A expectativa do governo é aprovar o marco até novembro, antes da COP28, a conferência climática da ONU que este ano ocorre em Dubai, nos Emirados Árabes Unidos, já como um sinal de mudança de visão na gestão brasileira em relação às questões climáticas e ambientais.

“O próprio presidente da Câmara [Arthur Lira (PP/AL)] disse recentemente que a prioridade é a pauta verde. O Brasil tem tudo para se apresentar na COP, no final do ano, com o projeto de lei do mercado de carbono regulado, com as eólicas offshore, com o Combustível do Futuro, com o PL do Hidrogênio”, defende o secretário de Economia Verde do Ministério do Desenvolvimento, Indústria, Comércio e Serviços (MDIC), Rodrigo Rollemberg.

“Se o Brasil tiver capacidade de fazer isso, é uma pauta que unifica o país. Isso vai atrair muitos investimentos externos, porque o mundo precisa fazer a transição energética”, completa.

A votação do mercado de carbono foi acompanhada por integrantes da Fazenda e MDIC, além do ministro Alexandre Padilha, da Secretaria de Relações Institucionais.

Apesar da urgência – e do otimismo – do governo, os próprios parlamentares reconhecem a dificuldade de correr com a matéria.

Líder do governo no Senado, Jaques Wagner (PT/BA), disse durante a votação que o esforço será para aprovar até o mês que vem, mas é provável que ao chegar à Câmara o texto receba muitas contribuições, dificultando a aprovação em um mês.

O SBCE

O Sistema Brasileiro de Comércio de Emissões de Gases de Efeito Estufa (SBCE) é inspirado no modelo cap and trade adotado internacionalmente.

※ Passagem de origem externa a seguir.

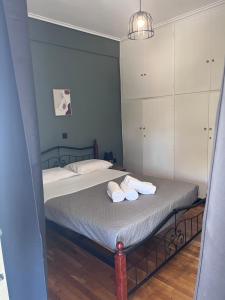 Ένα ή περισσότερα κρεβάτια σε δωμάτιο στο KS apartment
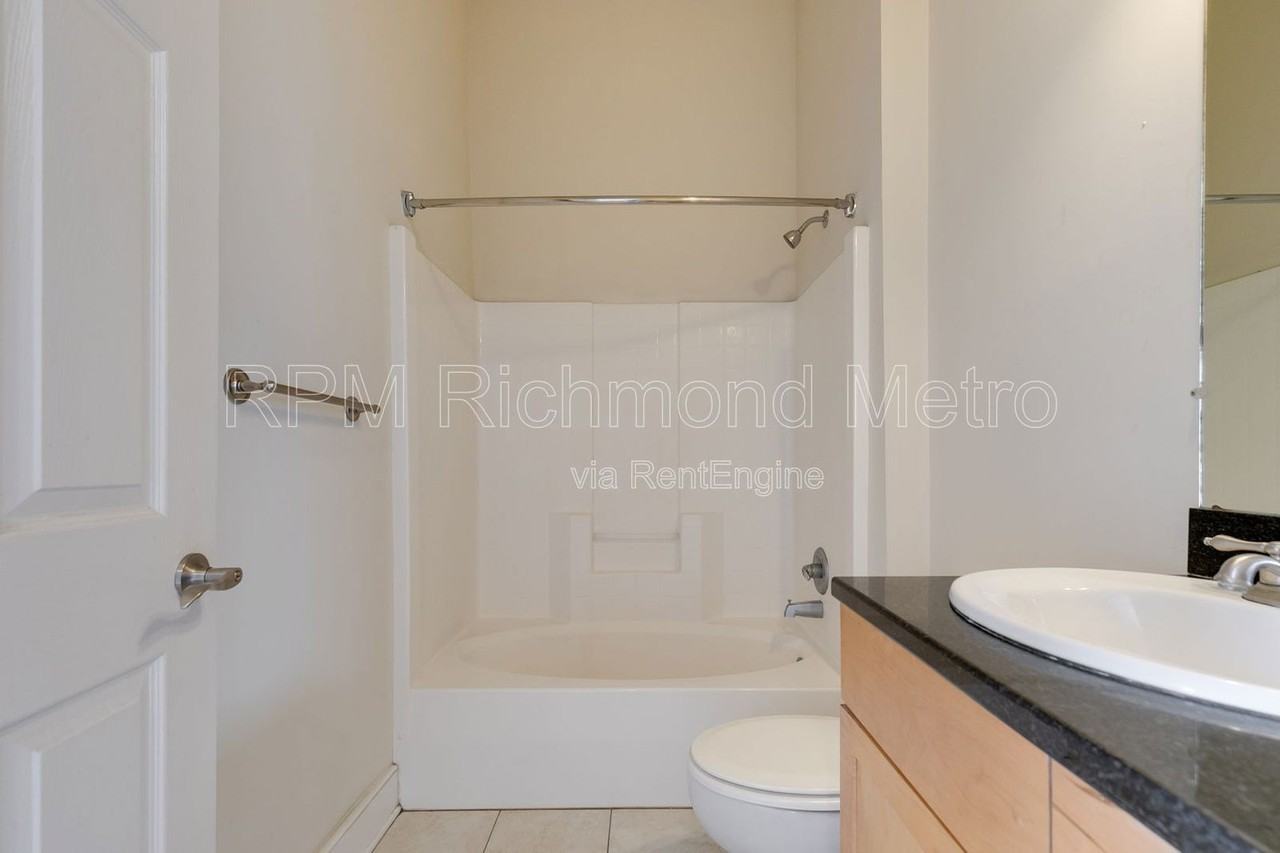 1321 1/2 E Main St #C4 - Photo 4 of 13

Atividades, fontes e instalações que emitam acima de 25 mil toneladas de CO2 equivalente por ano serão sujeitas a um limite de emissões que será definido posteriormente.

Já as empresas que emitirem entre 10 mil toneladas de CO2e e 25 mil tCO2e terão que apresentar plano de monitoramento de suas emissões e reportar ao órgão gestor do SBCE.

“[No cap and trade] é imposto um limite máximo de emissões e é possível comercializar direitos de emissão, internacionalmente conhecidos como allowance e definidos como Cotas Brasileiras de Emissões (CBE) no projeto de lei”, explica Antonio Augusto Reis, sócio da área de Direito Ambiental e mudanças climáticas do Mattos Filho.

“É um passo importante para a criação de um mercado regulado brasileiro que vem sendo discutido há muito tempo e mais intensamente desde 2021”, observa.